Recently I’ve been thinking about the vendors that I cover and wondering which has really had the most impact on app dev — for better or for worse.
Forget which vendor’s tool has the best bells and whistles. Which vendor has really made the most difference? Which vendor has delivered products or services that have really improved project outcomes? Or resulted in worse project outcomes? Not just a single project outcome, but hundreds or even thousands of project outcomes.
I’m not asking which vendor’s cool technology has improved productivity by 10% on proje cts where it was applied. I’m looking for far more broad-reaching impact than that. I’m after the vendors that have changed the way development works. This post is about who those vendors are — my ideas, and a request for yours.

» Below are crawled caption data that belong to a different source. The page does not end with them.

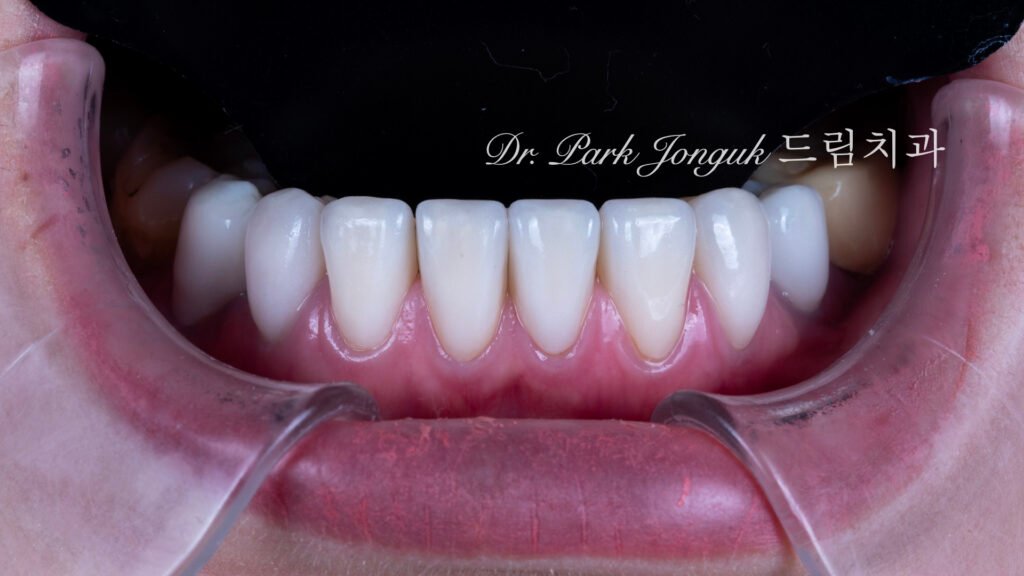 자연스러운 라미네이트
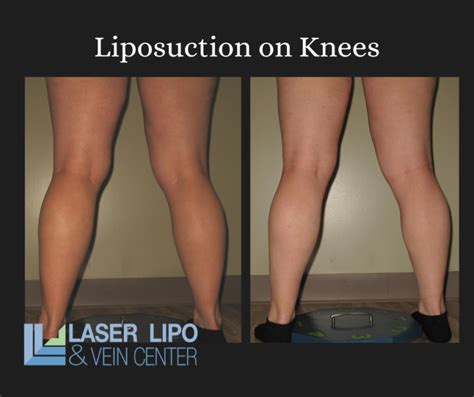 Tightening and Toning Thighs Liposuction Centre for Surgery YouTube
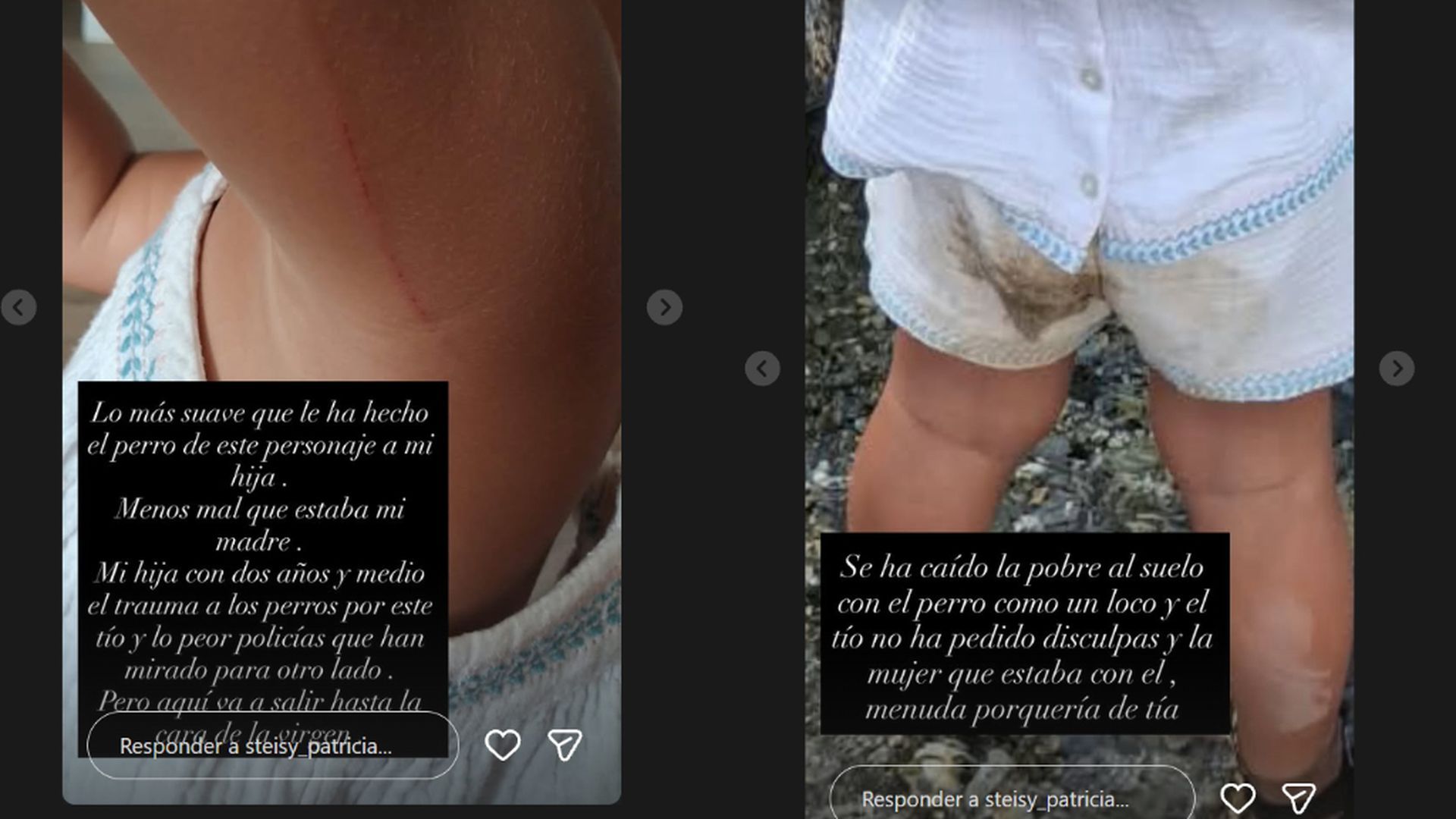 Las lesiones de la hija de Steisy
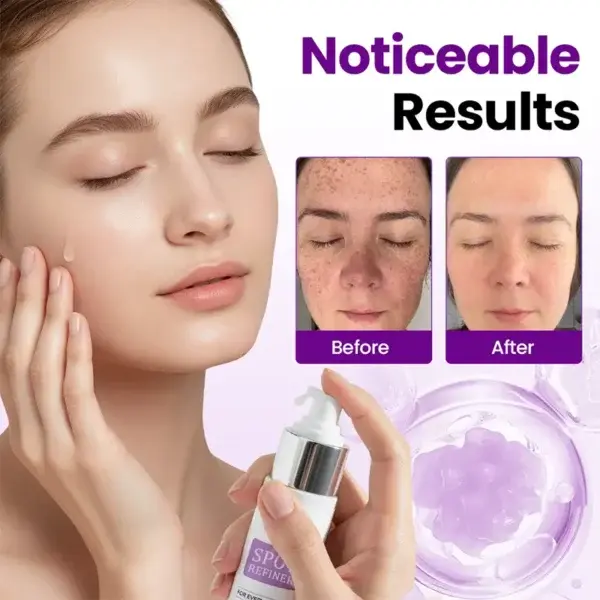 SpotRefiner Probiotic Shield Serum - Image 7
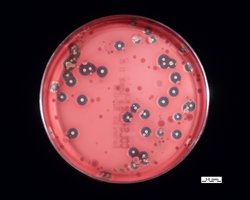 Blood agar plates showing beta, alpha, and gamma hemolysis by Streptococcus species
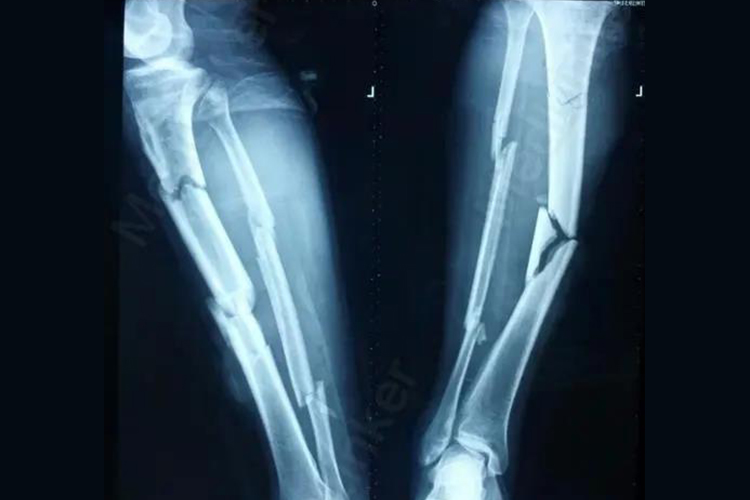 小腿粉碎性骨折影像图 小腿粉碎性骨折影像图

Why IBM Rational Gets R-E-S-P-E-C-T
The respect that application development professionals have for vendors isn’t always determined by their current product sets. Rather, it’s accumulated over years when vendors deliver innovative capabilities that help app dev shops make real breakthroughs. For example, consider the respect IBM Rational has accumulated from:
- UML
- The Rational Unified Process
- Eclipse and Eclipse-based tools
- And now Jazz
As you can probably guess, I think that IBM Rational has had a positive impact on software development in general.
Sun, JUnit, ThoughtWorks, And iRise Have Made A Difference, Too
Who else has done so? Here are my four nominations:
- Sun, by making Java a platform as well as a language and by making it bigger than Sun itself by opening it up with the Java Community Process.

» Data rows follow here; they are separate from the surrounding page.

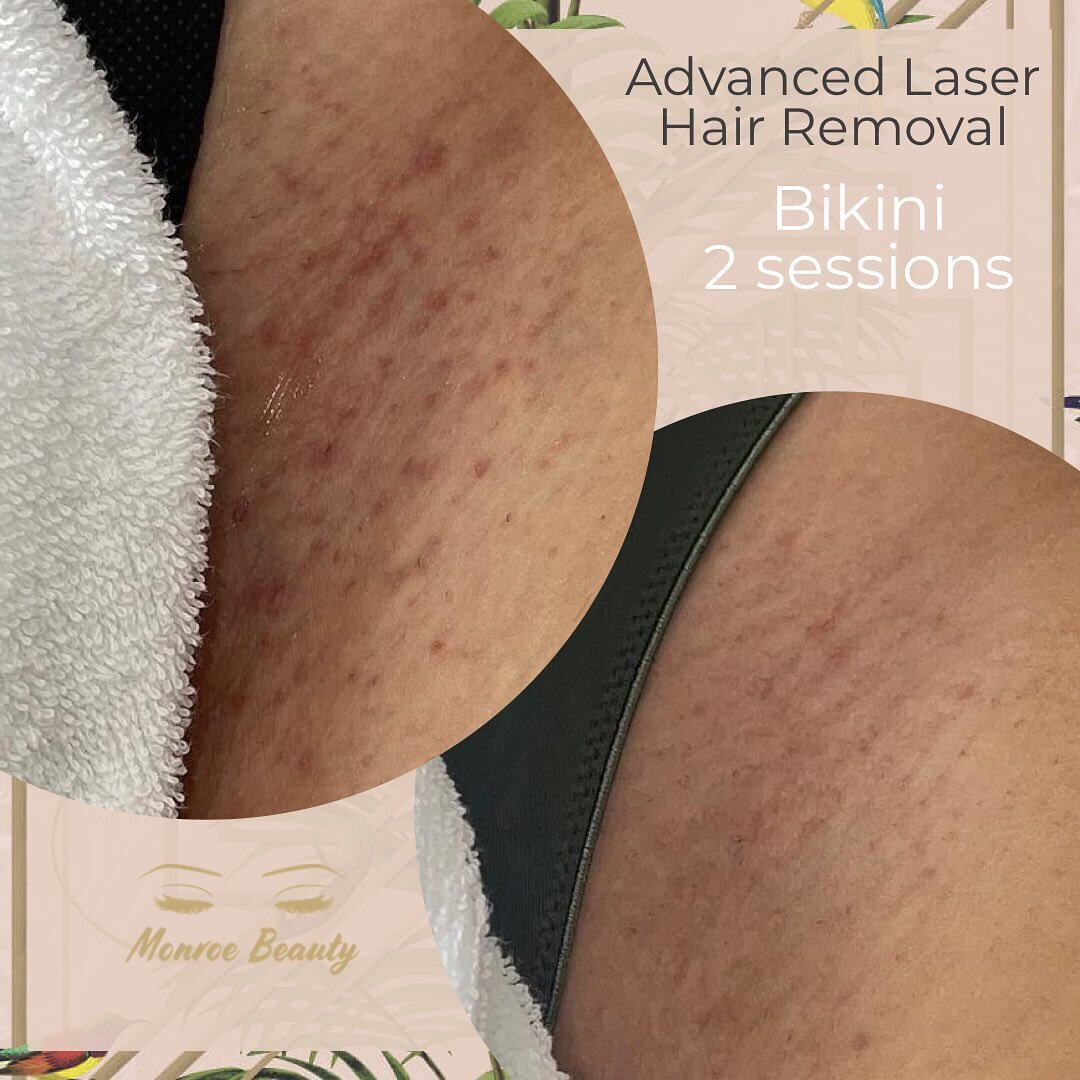 While shaving, epilation, waxing and depilatory creams are reasonable short-term solutions to hair removal, they can also cause sensitivity and in-growing hairs to those that use them.

Laser hair removal is a rapid, yet gentle way of removing unwant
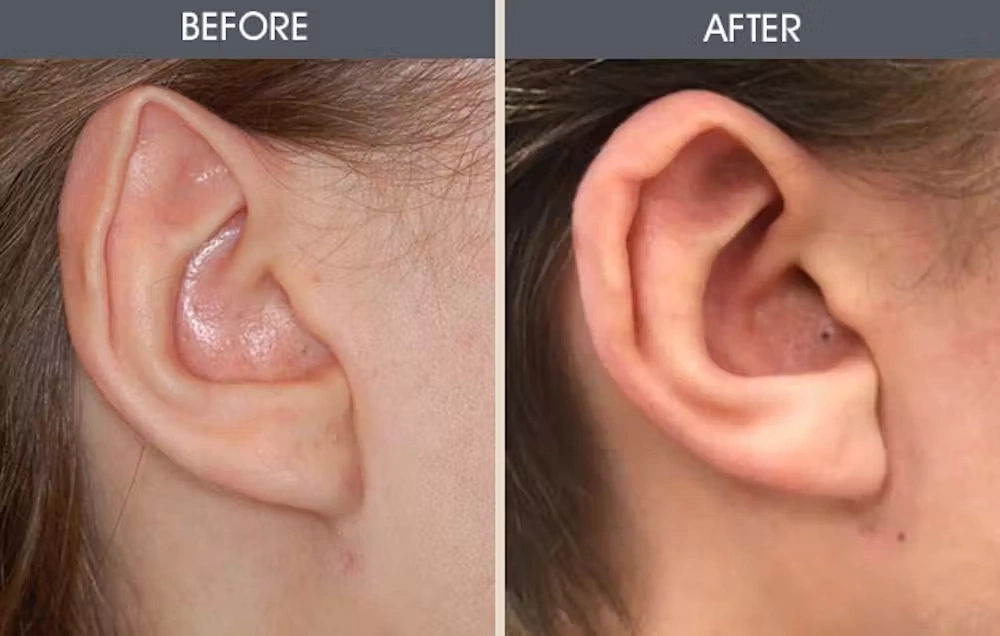 Real patient results in New York, NY Performed by Darrick E. Antell MD, FACS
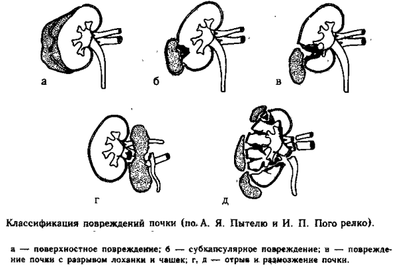 Классификация ушиба почки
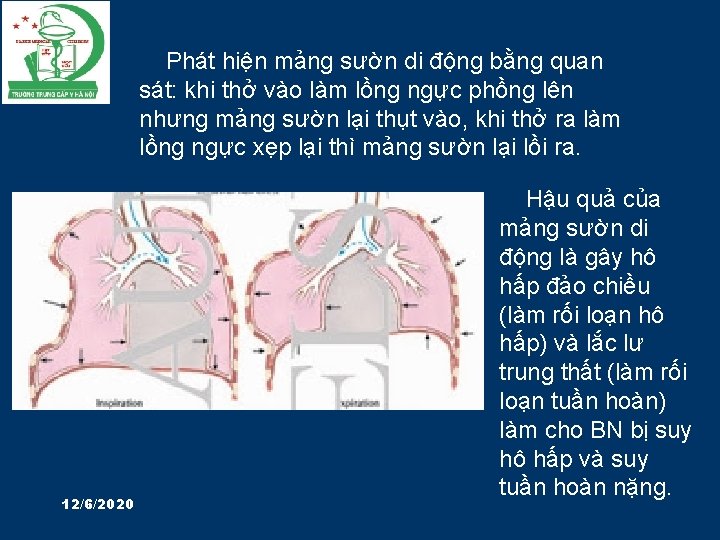 Phát hiện mảng sườn di động bằng quan sát: khi thở vào làm lồng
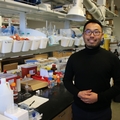 Un proyecto busca desarrollar un método de detección de Alzheimer mediante prueba de la retina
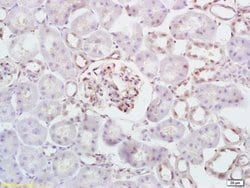 HK/Hexokinase 1 Rabbit anti-Human, Polyclonal, Bioss 100 &mu;L; Unconjugated:Antibodies,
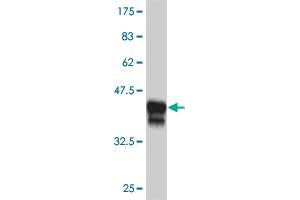 Western Blot detection against Immunogen (39. (DLX2 antibody  (AA 1-124))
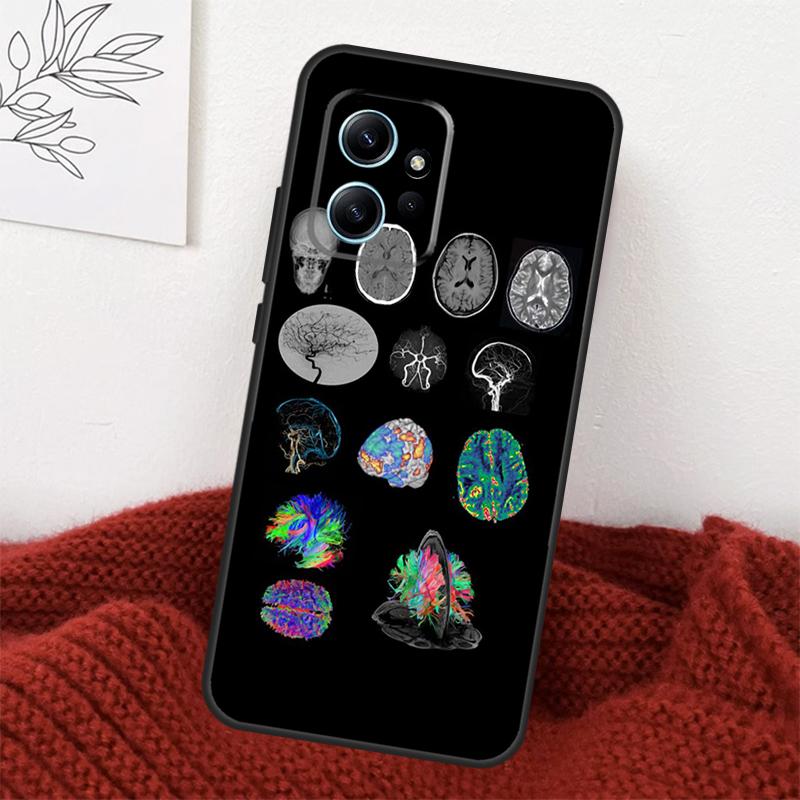 Medical Human Organs Brain Case For Xiaomi Redmi Note 13 9 10 11 12 14 15 Pro Plus Cover For Redmi 15 C 12C 13C 14C 10C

- Junit (not a vendor, but as powerful a force), because manual unit testing doesn’t make economic sense and if it doesn’t work at the code level it isn’t going to work on at the system level.
- iRise, by waking the market up to the limitations of textual requirements and providing an accessible and effective alternative.
- ThoughtWorks, by pioneering Agile practices on complex enterprise projects and proving that Agile isn’t just for simple Web development.
Did Visual Basic Have A Lasting Impact On App Dev?
What about Microsoft? Does Microsoft belong on this list? Forrester’s CEO, George Colony, thinks Microsoft has made a difference in general, but what about in app dev?
One of my colleagues, Mike Gualtieri, thinks it does because he can’t get over how cool the code-behind feature was in VB. "The best thing since sliced bread at the time," he says. But did it really advance the state of app dev? Think about it. Maybe code-behind didn’t, but VB itself still did.
I’d like to ask you: What one or two big things do you think Microsoft has done that have most advanced the state of application development as a discipline? Please leave a comment to share your thoughts.
Who Else Has Moved The App Dev Needle?
By “application development” I don’t just mean coding. I also mean all of the activities that surround coding, like requirements, testing, and processes and methodologies. There’s more to getting software out the door than just writing code.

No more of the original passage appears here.